__TRY IT__
All of the data should be copied exactly, with the pictures left out.

---------- SUPPLIED DATA

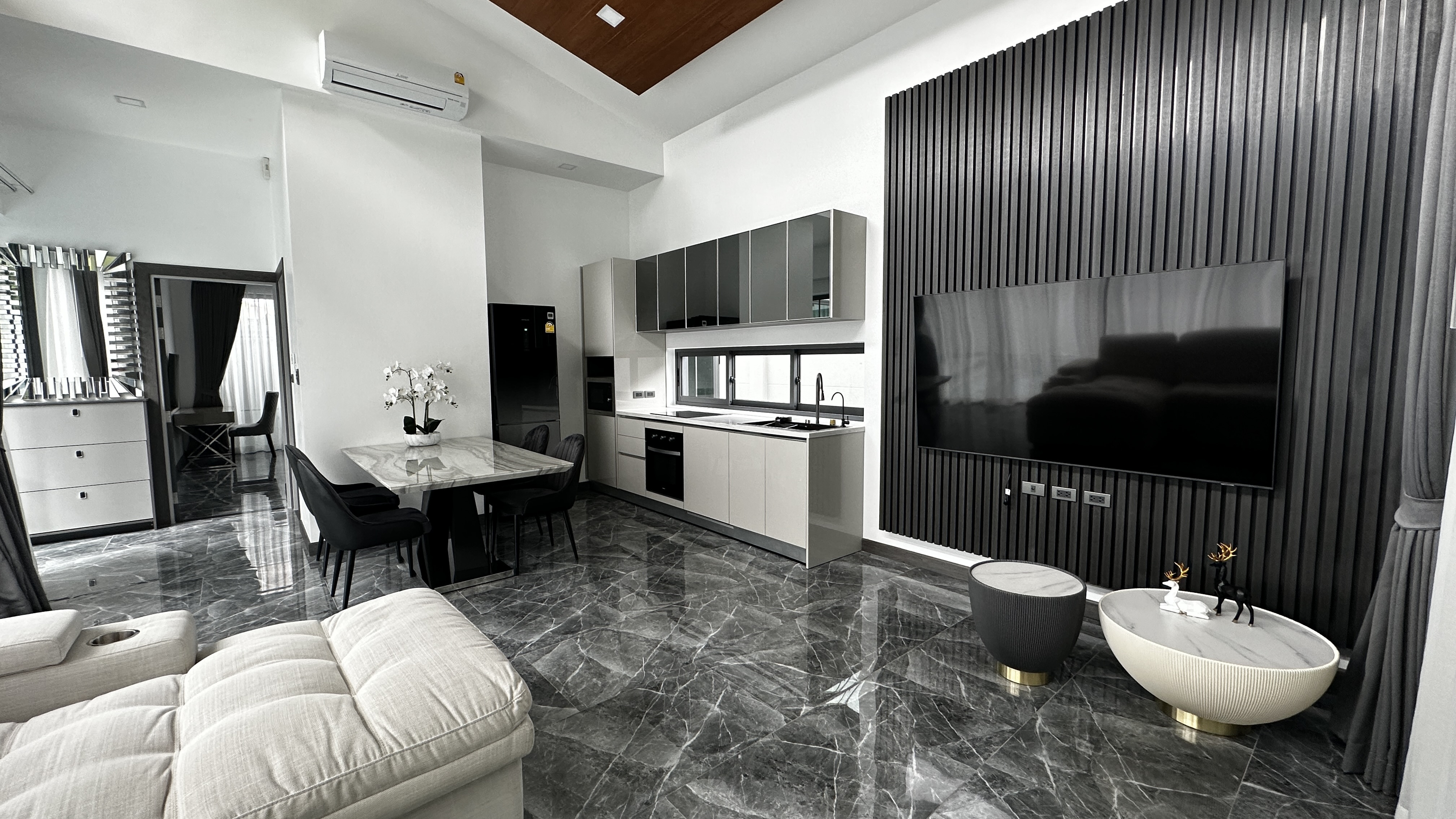 Modern 2-Bedroom Pool Villa – Nai Harn, South Phuket image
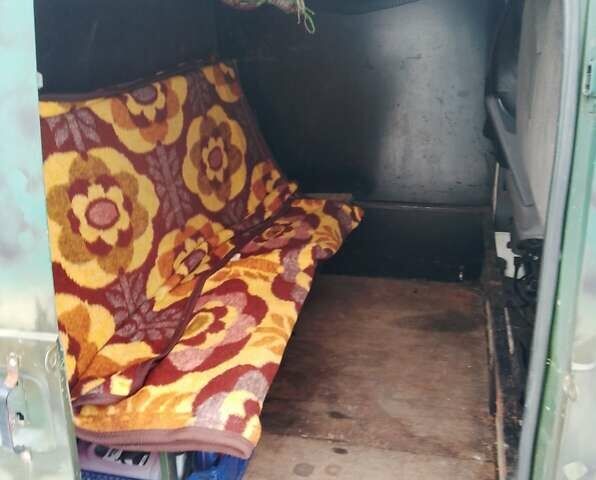 Белый Форд Транзит, объемом двигателя 2 л и пробегом 500 тыс. км за 2000 $, фото 3 на Automoto.ua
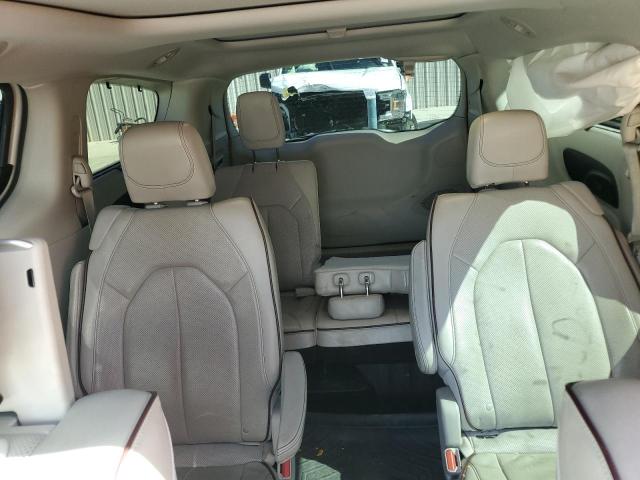 Photo 10 from auction – 2017 CHRYSLER PACIFICA L with VIN 2C4RC1GGXHR564828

--------------------

__ANSWER FOR THE TASK__
 Modern 2-Bedroom Pool Villa – Nai Harn, South Phuket image
 Белый Форд Транзит, объемом двигателя 2 л и пробегом 500 тыс. км за 2000 $, фото 3 на Automoto.ua
 Photo 10 from auction – 2017 CHRYSLER PACIFICA L with VIN 2C4RC1GGXHR564828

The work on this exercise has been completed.